Ongoing stock market uncertainty and rising US interest rates will further reduce investor demand for Hong Kong real estate this year.
- The value of prime real estate in Hong Kong will fall by 15% in 2016
- Market volatility and the rise of US interest rates will dampen investor sentiment throughout the rest of the year
- Hong Kong’s property sector is currently experiencing its lowest sale volumes for a quarter of a century
It’s already been a tough start to the year for Hong Kong’s property market, but it would appear to be just a sign of things to come.
The price of prime residential real estate is anticipated to fall 15% by the end of 2016, according to the latest briefing report from Savills World Research. December’s rise by the US Federal Reserve in its base rate of interest, coupled with the continued volatility of Asia’s biggest stock markets, has quashed investor appetite for luxury property in the city and naturally impacted on the market’s performance.
The report outlines: “With investment sentiment dwindling, and few market highlights, many purchasers held off making investment decisions. This, coupled with the increasing number of newly completed luxury units being made available for lease amid declining rents, caused some potential purchasers to switch to the leasing market to avoid uncertainties over the next one to two years.”

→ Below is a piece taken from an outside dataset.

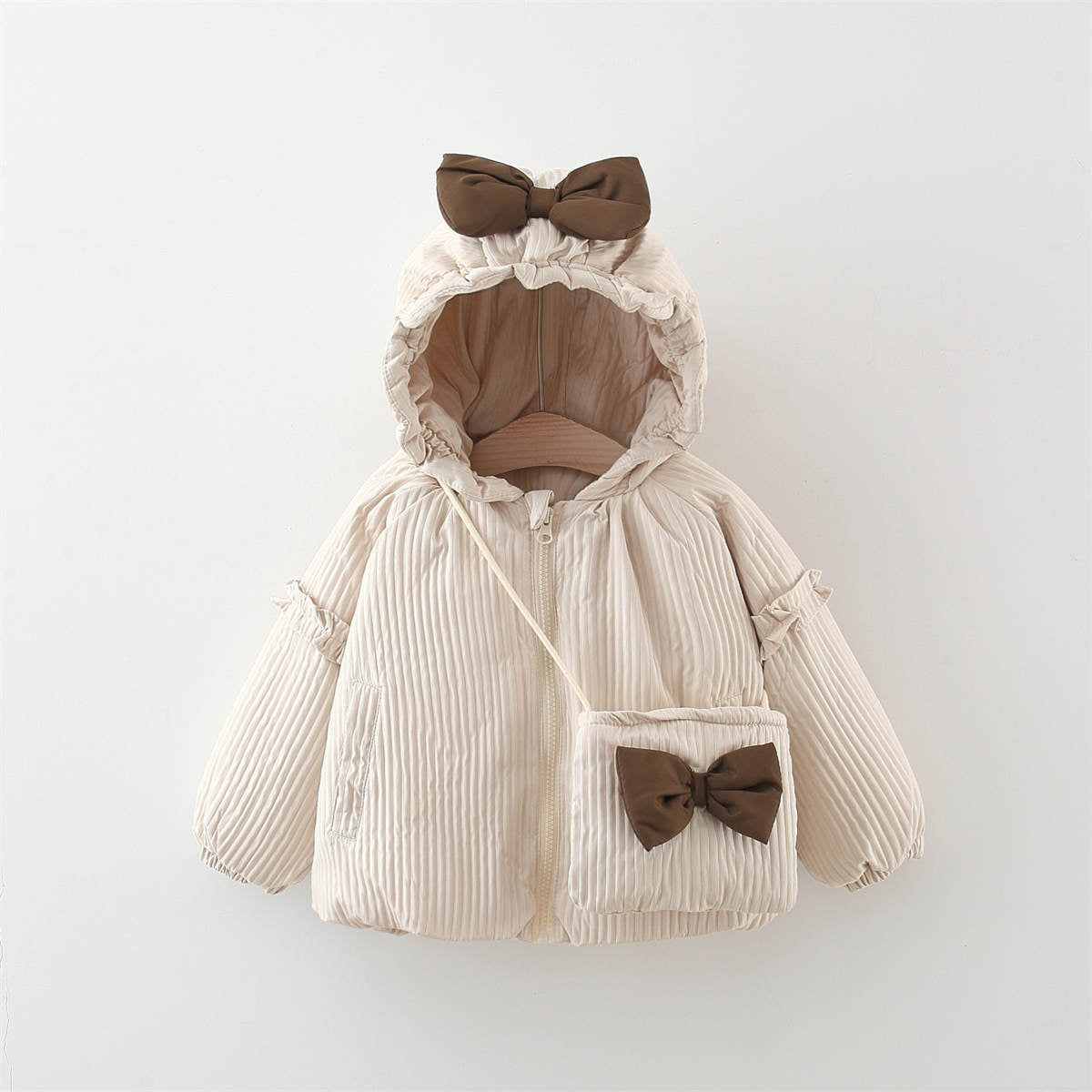 Girls winter solid color bow cotton coat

Earlier this month new sales data showed that Hong Kong is currently experiencing its slowest transactional period for 25 years, with sales in February plummeting by 70% compared with the same period 12 months previous.
Instead many of the region’s investors have turned to those overseas property markets that can deliver the high returns and stability they are currently seeking. Huge imbalances in the levels of supply and demand are currently driving huge capital growth for property investors in the UK, with households and investors in every British region reporting rises in the value of their assets in March.